A few years ago, I lost that last 10 lbs. of fat that kept me from being muffin-top free.
How did I do it? I cut calories, exercised, and took lots of vitamins and supplements.
However, within three months of losing the weight, I gained back all the weight I lost (and then some).
The worst part was that my backslide into doughboyhood snuck up on me and I never even saw it coming.
The same dynamic can apply in the world of attraction and dating.
Just like you can end up gaining weight after a weight loss period, you can still lose a potential partner - even if you are doing all the "right" things.
You think things are going great...then they suddenly fall apart (quickly).
How can this happen?
You had no awareness of some of the things you were doing wrong (that were sneaking up on you).
Here are three big ones to watch out for:
Drinking Too Much
Whether you're out with a woman or looking to meet someone new, overdoing it with the drinks can drag you down quickly.
Am I suggesting to lay off booze altogether?
No, but just avoid becoming a sloppy mess by following these tips:
- Drink a water or a coke in between drinks
- Always have food in your stomach if you are going out for drinks only
- Throttle WAY back a couple of hours before the date ends
What if people say that you are more "fun" when you are drunk?
Well, what those people probably mean is that you are more entertaining (to them) when you are over your limit.
Slurring your speech, saying stupid things, and acting like a jackass can make you entertaining, but it definitely does NOT make you more attractive to women.
Plus, even if you think you can drink a lot and still be "okay," why risk it?
Just like with compliments, gifts, and cologne, less is more where alcohol is concerned too.
Less of those things = more of her.
Camping and Smothering
Women love attention, right?
So, it only goes to follow that if a guy gives a woman a lot of attention she will be even more attracted than ever, right?
If she is VERY attracted to you, she would love your complete attention.
However, if her feelings about you are still developing, too much attention can be a turn off.
Just think about a meal where the waiter delivers EVERYTHING at once and stands there while you eat.
He stares at you the whole time and every two minutes asks this:
"Is everything alright?
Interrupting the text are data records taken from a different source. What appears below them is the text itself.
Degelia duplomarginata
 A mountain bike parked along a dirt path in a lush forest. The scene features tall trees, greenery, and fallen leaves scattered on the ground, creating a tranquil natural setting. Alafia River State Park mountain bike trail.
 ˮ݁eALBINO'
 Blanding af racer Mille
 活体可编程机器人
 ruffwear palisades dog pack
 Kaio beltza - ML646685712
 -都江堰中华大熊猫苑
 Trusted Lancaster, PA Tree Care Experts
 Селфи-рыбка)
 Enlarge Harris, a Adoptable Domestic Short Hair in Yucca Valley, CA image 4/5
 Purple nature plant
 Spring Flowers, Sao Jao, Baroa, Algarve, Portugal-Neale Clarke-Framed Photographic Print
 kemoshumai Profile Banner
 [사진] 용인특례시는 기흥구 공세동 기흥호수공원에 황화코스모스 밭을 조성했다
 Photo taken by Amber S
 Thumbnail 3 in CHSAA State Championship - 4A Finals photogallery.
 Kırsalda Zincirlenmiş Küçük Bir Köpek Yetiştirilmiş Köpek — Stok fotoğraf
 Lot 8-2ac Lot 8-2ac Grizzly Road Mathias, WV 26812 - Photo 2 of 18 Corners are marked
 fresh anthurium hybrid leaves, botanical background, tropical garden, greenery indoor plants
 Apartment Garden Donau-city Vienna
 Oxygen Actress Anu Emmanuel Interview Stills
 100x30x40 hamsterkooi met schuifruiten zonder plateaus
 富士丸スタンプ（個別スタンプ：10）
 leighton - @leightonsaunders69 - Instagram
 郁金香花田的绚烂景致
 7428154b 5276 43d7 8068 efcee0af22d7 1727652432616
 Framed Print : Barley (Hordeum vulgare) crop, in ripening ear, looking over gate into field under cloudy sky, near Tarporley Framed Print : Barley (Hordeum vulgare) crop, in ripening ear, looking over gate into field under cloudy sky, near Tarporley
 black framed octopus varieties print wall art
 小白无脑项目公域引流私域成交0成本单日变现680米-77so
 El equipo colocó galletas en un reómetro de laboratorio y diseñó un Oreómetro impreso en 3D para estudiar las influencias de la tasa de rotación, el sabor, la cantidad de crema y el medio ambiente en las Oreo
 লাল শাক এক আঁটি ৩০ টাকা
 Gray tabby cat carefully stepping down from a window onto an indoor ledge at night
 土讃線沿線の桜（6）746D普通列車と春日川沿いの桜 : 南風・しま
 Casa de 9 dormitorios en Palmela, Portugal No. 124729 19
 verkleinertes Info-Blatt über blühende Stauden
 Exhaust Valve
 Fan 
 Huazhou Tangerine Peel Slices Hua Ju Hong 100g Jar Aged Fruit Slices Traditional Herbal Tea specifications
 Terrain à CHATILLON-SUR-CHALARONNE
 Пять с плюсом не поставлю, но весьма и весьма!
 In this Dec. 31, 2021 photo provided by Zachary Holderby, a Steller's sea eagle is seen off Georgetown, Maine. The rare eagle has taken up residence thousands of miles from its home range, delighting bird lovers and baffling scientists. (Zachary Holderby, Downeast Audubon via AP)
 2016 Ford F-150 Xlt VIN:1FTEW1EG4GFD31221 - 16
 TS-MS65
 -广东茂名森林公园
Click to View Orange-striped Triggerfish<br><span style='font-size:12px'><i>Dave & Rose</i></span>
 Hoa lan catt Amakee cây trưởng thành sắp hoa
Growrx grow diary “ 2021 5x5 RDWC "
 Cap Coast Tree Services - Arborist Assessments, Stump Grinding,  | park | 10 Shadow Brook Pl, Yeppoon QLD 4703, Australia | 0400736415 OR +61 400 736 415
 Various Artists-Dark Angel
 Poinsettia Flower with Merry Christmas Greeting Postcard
Can I get you something else?"
Sounds pretty uncomfortable, huh?
You can't just relax and enjoy yourself because you are constantly being monitored.
This is somewhat how an attractive woman feels around a guy who is camping and smothering.
Here are some ways to avoid this type of situation when out with a woman:
- Bring other people into the conversation
- Change location or venue (if possible)
- Be comfortable with occasional moments of silence
How do you know when to step away or put space between you and her? Simple.
You step away from her when things are going well - like after a laugh or when you two have connected on something.
This sounds counter-intuitive, but let me explain with these reasons:
- If you step away for a minute when things are going well, she'll miss you (good)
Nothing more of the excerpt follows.